The first thing that needs to be pointed out about Larrabee is that it’s not like other GPUs. In fact, it’s not really a GPU at all. As the diagram shows, Larrabee is really a group of several very simple x86 processors, executing instructions in order, and extended with a vector floating point unit (FPU) operating on 512-bit vectors (16 single precision floating-point numbers/integers or eight double-precision floating-point numbers). Each core has 256 KB of cache memory, and communication between processors and cache coherence is handled by a ring bus. The only components that suggest this isn’t just a highly-parallel CPU like the Cell are the texture units and the display interface.
The Cores In Detail: Something New and Something (Very) Old
Like IBM with its Cell architecture, Intel made the following observation: the most demanding applications for processing power generally have a very linear flow of instructions. There are few branchings and dependencies between instructions, so consequently, modern processors, which devote a large part of their total die area to control logic (branch prediction and dynamic instruction scheduling), are not really suited for this type of task.
For an equal number of transistors, rather than following the usual design track by integrating two or four of these “big” processors on a die, it makes much more sense for tasks like this to use a large number of small, much simpler processors.
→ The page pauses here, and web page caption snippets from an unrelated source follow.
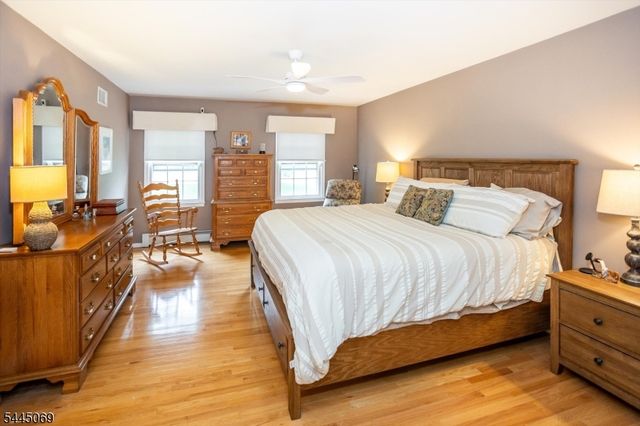 81 Poplar Dr, Hanover Twp., NJ 07950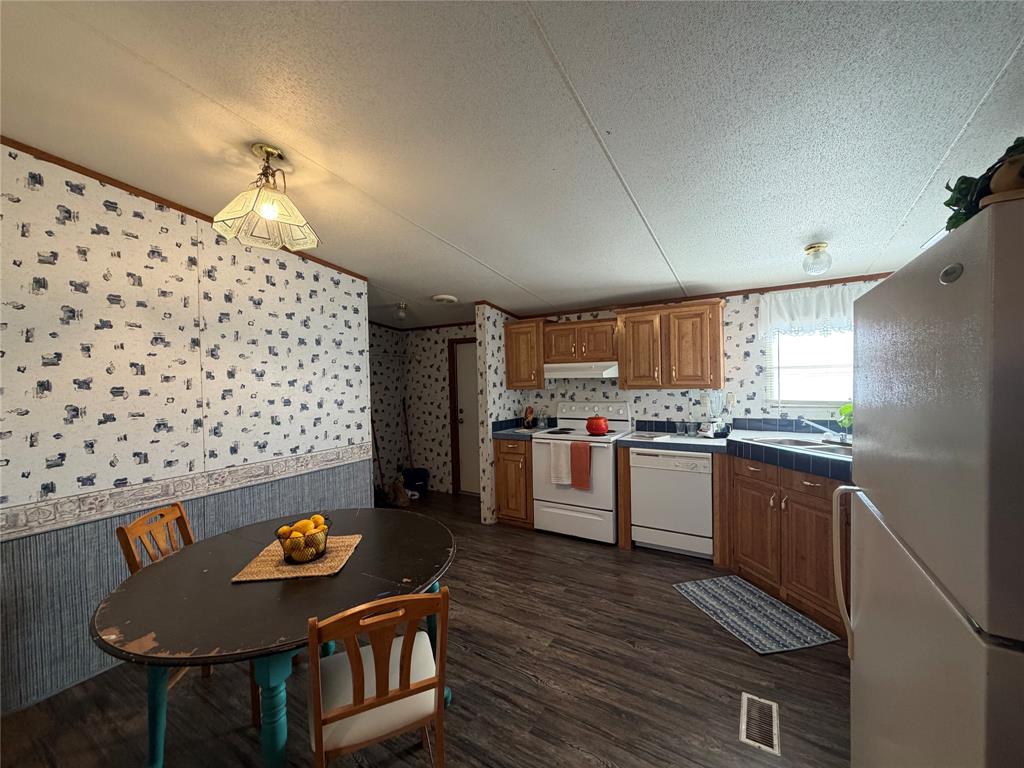 Blue Water Shores - Residential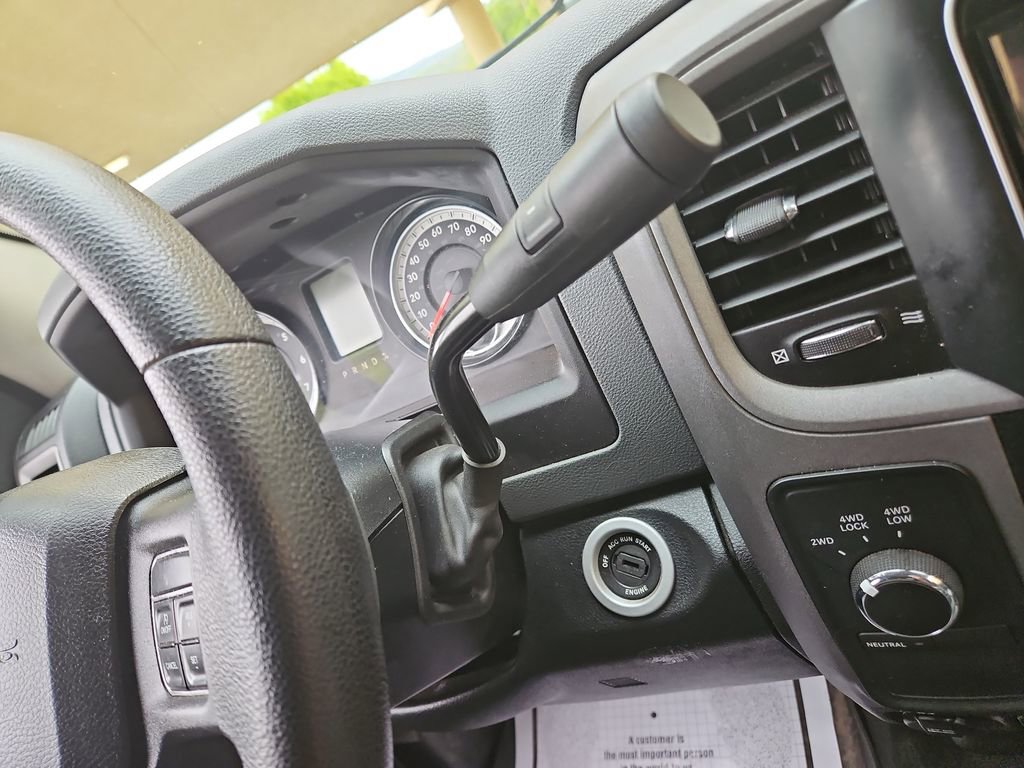 Used 2015 RAM 1500 Express image 23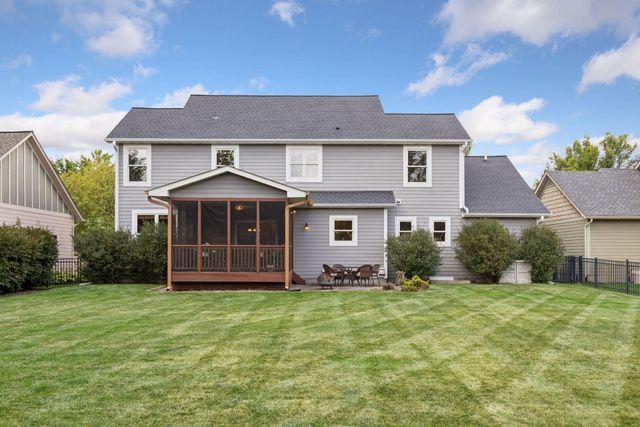 11455 Middleton Trail, Woodbury, MN 55129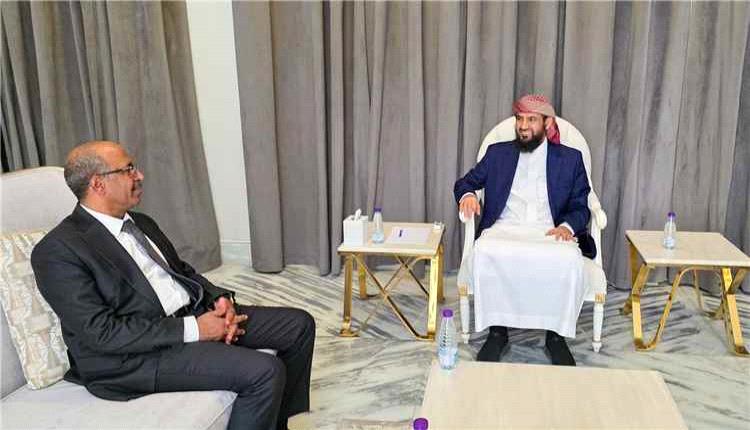 المحرّمي يناقش ترتيبات استئناف تصدير النفط وتعزيز موارد الدولة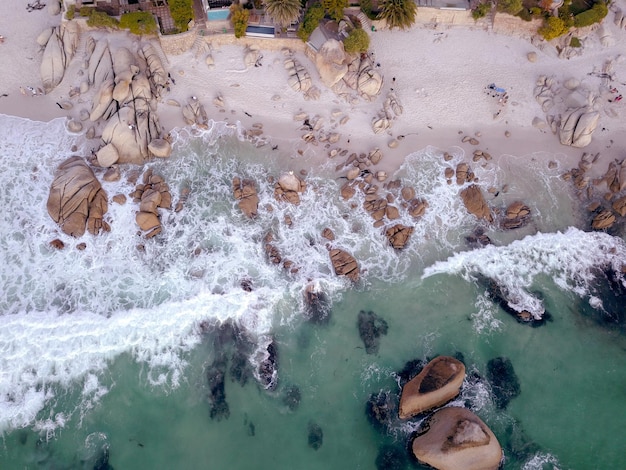 Foto vista ad alto angolo della nuoto in mare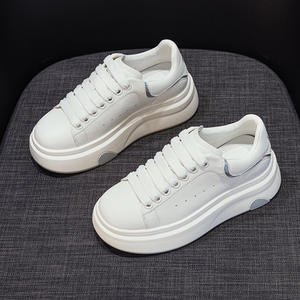 Baskets blanches à plateforme pour femmes, nouveau style printemps 2025, tendance, sportives, décontractées et polyvalentes - Product Image 1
Intel has issued a comparative table justifying its choice:
As the chart shows, for an equal die area and comparable power consumption, the in-order cores (not identical to the ones Larrabee uses) offer a vector instruction throughput 20 times greater than a Core 2 Duo at the same clock frequency. Having made that choice, it was time to design the new processors themselves. The choice of the instruction set was really no choice at all. Since Larrabee was to be Intel’s Trojan horse, with which it would enter the discrete GPU world using its x86 architecture, the architecture for the instruction set was already a known quantity.
Still the choice can seem surprising, since the x86 instruction set is complex (with its CISC architecture) and its support of all the instructions that have been added over the course of its history has an impact on the number of transistors needed compared to RISC architectures.